# Anyone using Squarespace



## InfinityApparel (Dec 18, 2013)

So I'm starting my clothing company have my line ready to be made along with other items I will be selling, but I'm stuck on which ecommerce site to use. I would like to your input on which is the best ecommerce builder site. If you have experience with any of these site please tell me pro/cons. However, I was leaning more toward squarespace due to lower cost but I wouldn't mind spending more for the other site if need be. Thank you very much for those to take their time to help me out.


----------



## limey (Apr 6, 2006)

wix.com seems pretty good.
Not much of a web code guy so this works for me.
Have a nice Christmas


----------



## Imagine It Vinyl (Aug 28, 2013)

check out Big Cartel, its simple and cheap. they do not make commission from your sales.


----------



## buffalove607 (Jan 11, 2012)

I am also curious about Squarespace and have not been able to locate anything on the threads about them. 
They are much cheaper than say shopify and others..
They offer hosting with domain and site templates, combine Stripe that has no monthly or fixed costs, only 30cents/ and 2.9%.

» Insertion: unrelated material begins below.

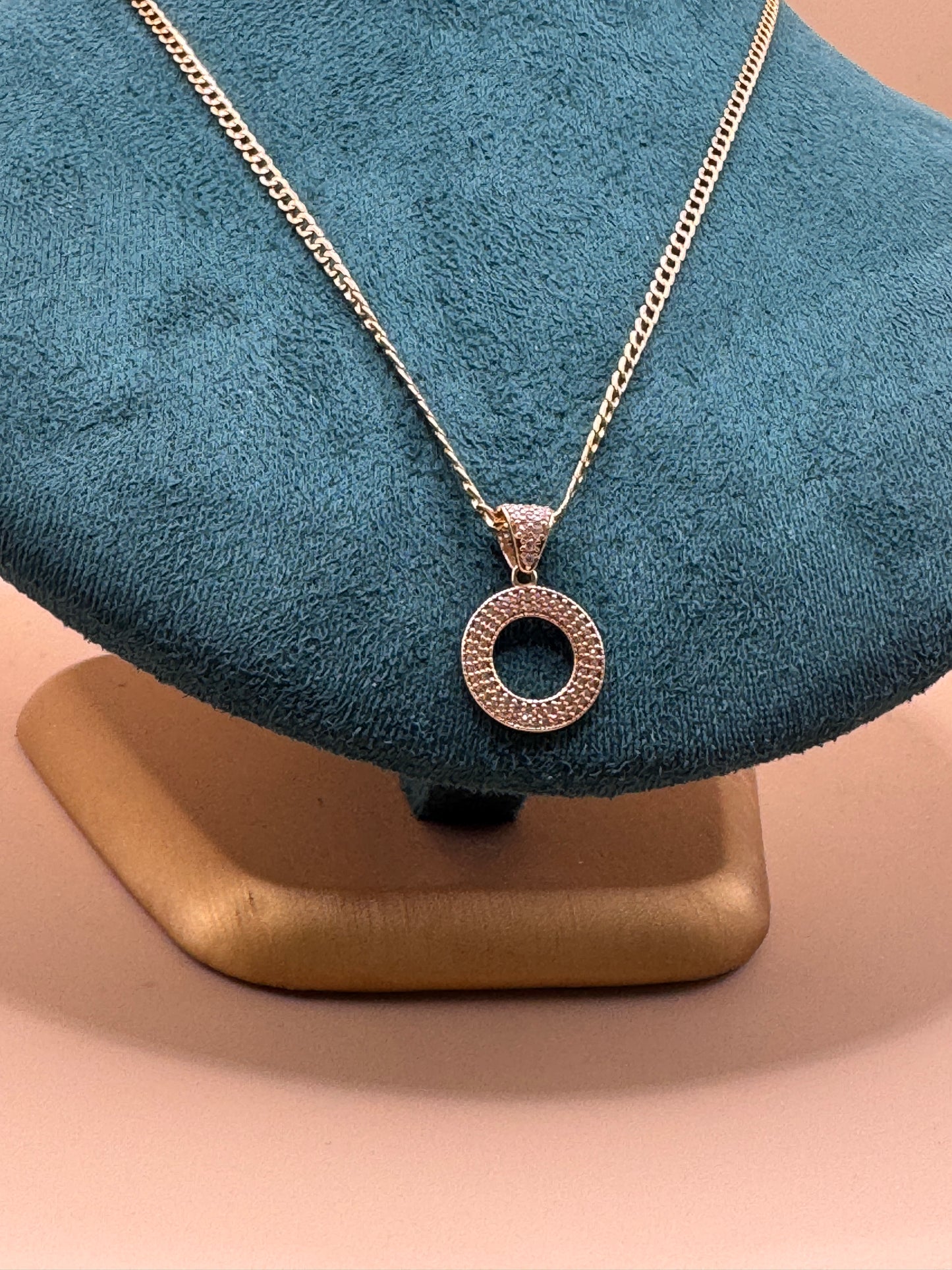 14K Gold Curb Link Necklace with Letter O Pendant – Personalized Everyday Luxury 20”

If I did my research correct...
Domain, Site builder/Templates, Hosting, Cart, Card Processor(which can be linked directly to regular checking account) are all handled with Squarespace and Stripe, for $16-24 monthly + .30 & 2.9%/

It just seems like I am missing something...
Has anyone ever used Squarespace and share any info on usability and applicability to printing industry..
Any help would be greatly appreciated


----------



## buffalove607 (Jan 11, 2012)

Anyone!?!?


----------